E.T.A. Hoffman, in 1810, identified Haydn, Mozart, and Beethoven as "romantic" composers.

"Mozart and Haydn, the creators of modern instrumental music, first showed us the art in its full glory; but the one who regarded it with total devotion and penetrated to its innermost nature is Beethoven. The instrumental compositions of all three masters breathe the same romantic spirit for the very reason that they all intimately grasp the essential nature of the art; yet the character of their compositions is markedly different...

Haydn romantically apprehends the humanity in human life; he is more congenial, more comprehensible to the majority.

Mozart takes more as his province the superhuman, magical quality residing in the inner self.

Beethoven's music sets in motion the machinery of awe, of fear, of terror, of pain, and awakens that infinite yearning which is the essence of romanticism. He is therefore a purely romantic composer."

A more complete version here:

https://sites.google.com/site/kenocstuff/eta-hoffman-on-beethoven


----------



## PetrB (Feb 28, 2012)

KenOC said:


> E.T.A. Hoffman, in 1810, identified Haydn, Mozart, and Beethoven as "romantic" composers.
> 
> "Mozart and Haydn, the creators of modern instrumental music, first showed us the art in its full glory; but the one who regarded it with total devotion and penetrated to its innermost nature is Beethoven. The instrumental compositions of all three masters breathe the same romantic spirit for the very reason that they all intimately grasp the essential nature of the art; yet the character of their compositions is markedly different...
> 
> ...


All that recognized, but a pity the later guys who set up the brackets tended to go for the more tangible evidence of harmonic procedures and forms, which leaves Mozart and Beethoven completely in the classical bracket -- those 'emotive' qualities they manifested being _precursors_ of the era designated as the Romantic.


----------



## ethanjamesescano (Aug 29, 2012)

I was deconstructing the word romantic, not the music of it.
can someone please help me on how to edit a thread, so everyone would know this statement


----------



## Taggart (Feb 14, 2013)

ethanjamesescano said:


> I was deconstructing the word romantic, not the music of it.
> can someone please help me on how to edit a thread, so everyone would know this statement


There is a time limit on this.

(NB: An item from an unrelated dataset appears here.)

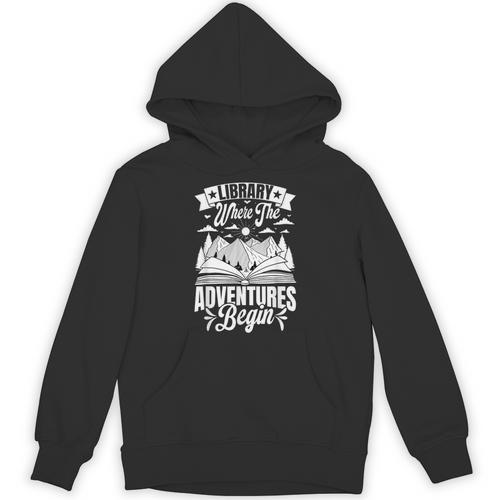 Library Where The Adventures Begin Librarian Book Readers Unisex Hoodie - Bookorys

The FAQ's refere to the generic vBulletin software so simply say:



> If you have registered and are logged in, you may be able to edit and delete your posts (although the administrator may have turned off this option). Your ability to edit your posts may be time-limited, depending on how the administrator has set up the forum.

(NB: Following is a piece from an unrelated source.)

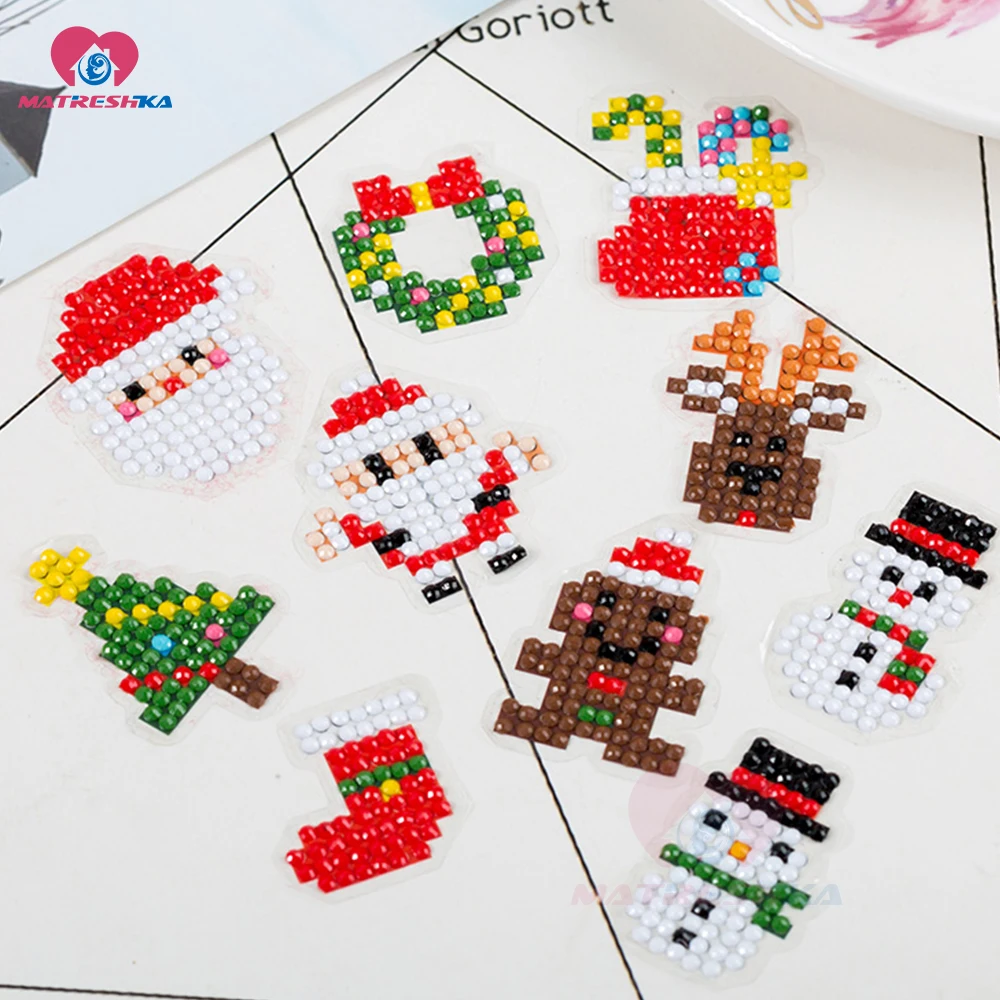 

DIY Patterns Diamond Embroidery 5D Diamond Painting For Children Round Diamond Crafts Double Sided Sticker Christmas Decoration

I am not sure that you can do one without the other, since if you are trying to deconstruct romanticism, you are trying to is to identify and question all the binary oppositions at work in a text and that will inevitably involve the music as a major signifier.


----------



## PetrB (Feb 28, 2012)

Taggart said:


> There is a time limit on this. The FAQ's refere to the generic vBulletin software so simply say:
> 
> I am not sure that you can do one without the other, since if you are trying to deconstruct romanticism, you are trying to is to identify and question all the binary oppositions at work in a text and that will inevitably involve the music as a major signifier.

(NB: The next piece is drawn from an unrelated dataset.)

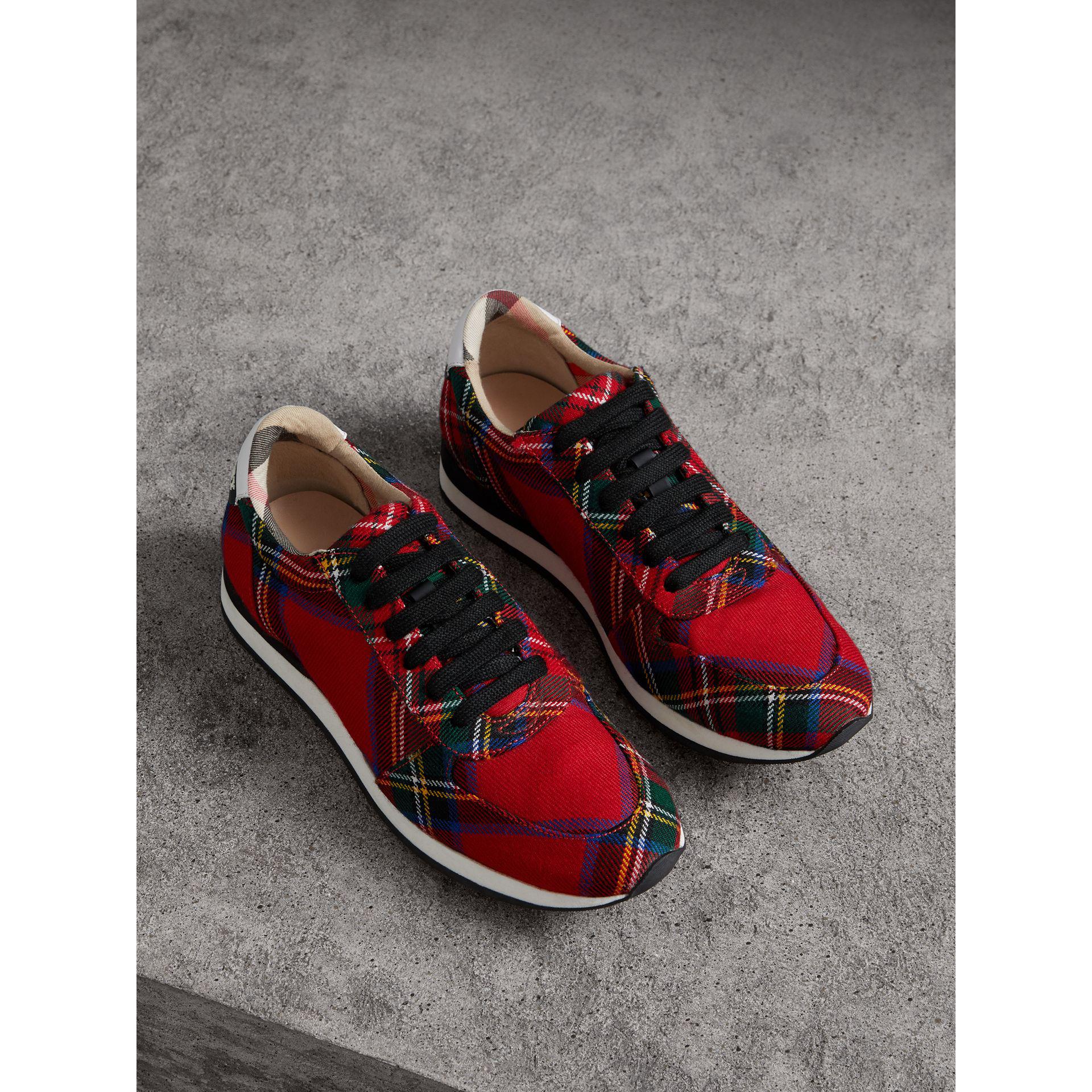 Lyst - Burberry Tartan Wool Trainers in Red for Men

Too right, then it should not be / have been presented in the classical music thread, as "Deconstructing Romantic *Music*" but instead put up in some other more general category.


----------



## violadude (May 2, 2011)

I'm a little bit disappointed to be honest. I thought this was going to be an awesome thread about analyzing Romantic area pieces. But instead it's a boring discussion about a semantic point that I was already well aware of.


----------



## violadude (May 2, 2011)

I meant to say era in that last post....how did I miss that?


----------